**Required action**
Any picture in the range stays out of the copy; retype exactly the lines from the one with "Dansko Madalyn Sling" to the end of the listing.
▽
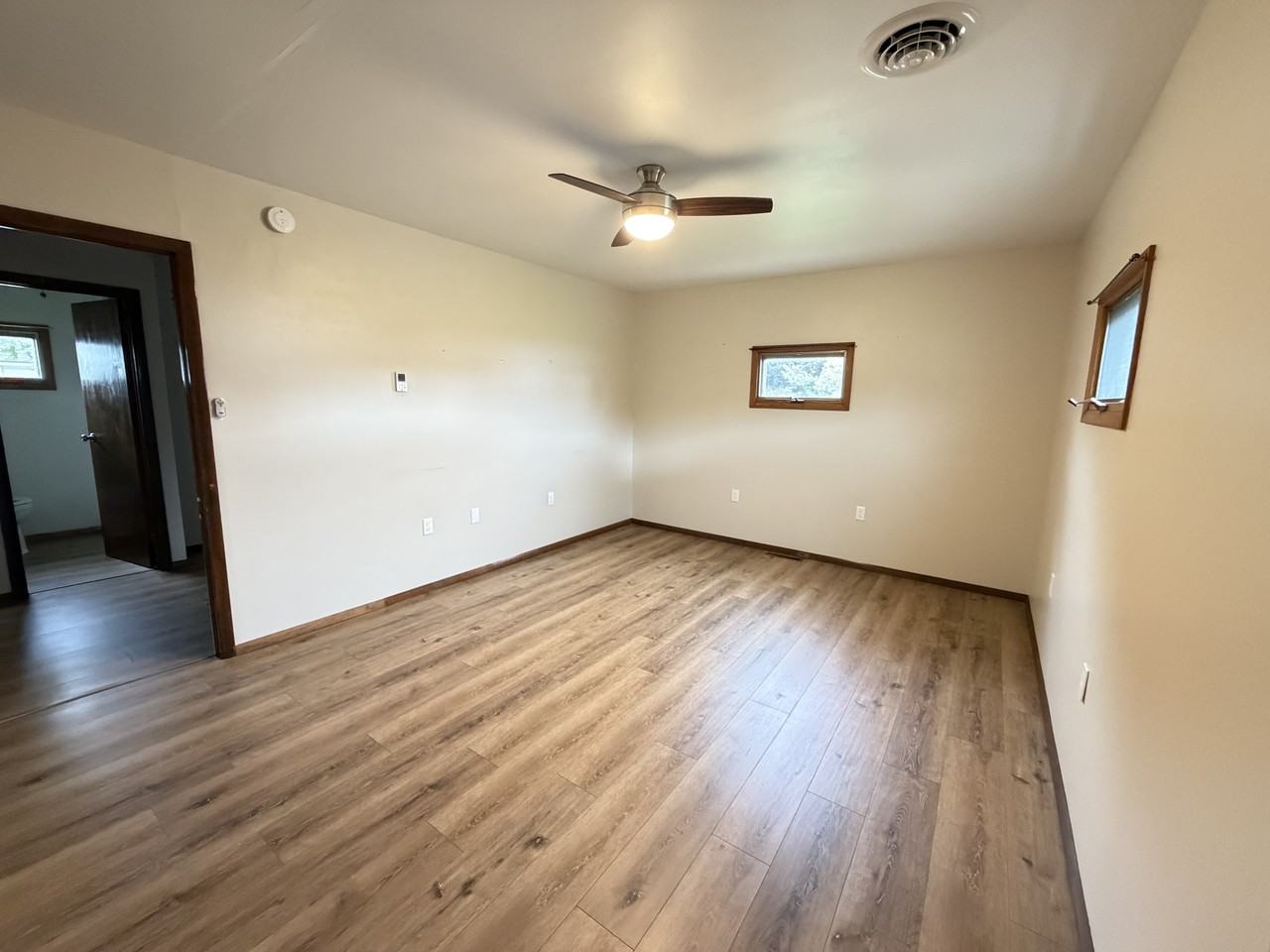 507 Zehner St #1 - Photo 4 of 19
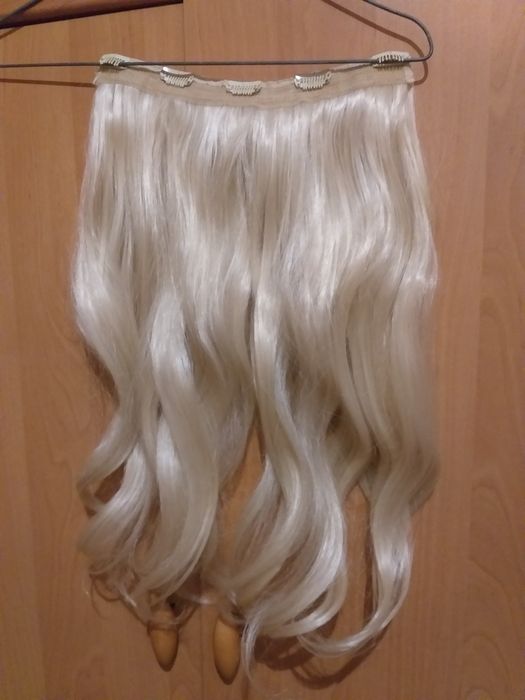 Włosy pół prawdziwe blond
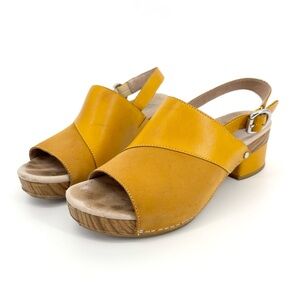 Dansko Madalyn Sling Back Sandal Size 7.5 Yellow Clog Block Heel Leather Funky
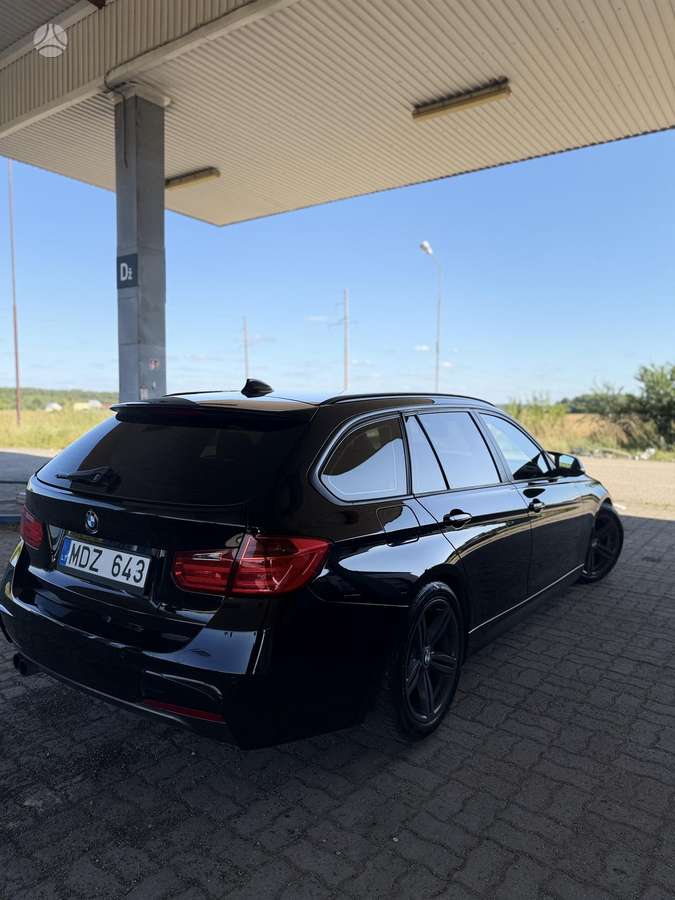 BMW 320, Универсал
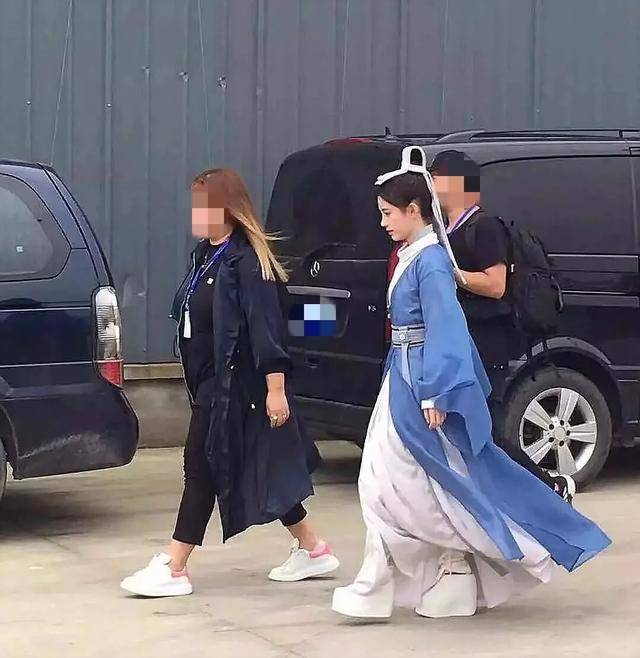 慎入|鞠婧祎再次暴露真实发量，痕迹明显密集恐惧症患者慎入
△
**Response**
 Dansko Madalyn Sling Back Sandal Size 7.5 Yellow Clog Block Heel Leather Funky
 BMW 320, Универсал
 慎入|鞠婧祎再次暴露真实发量，痕迹明显密集恐惧症患者慎入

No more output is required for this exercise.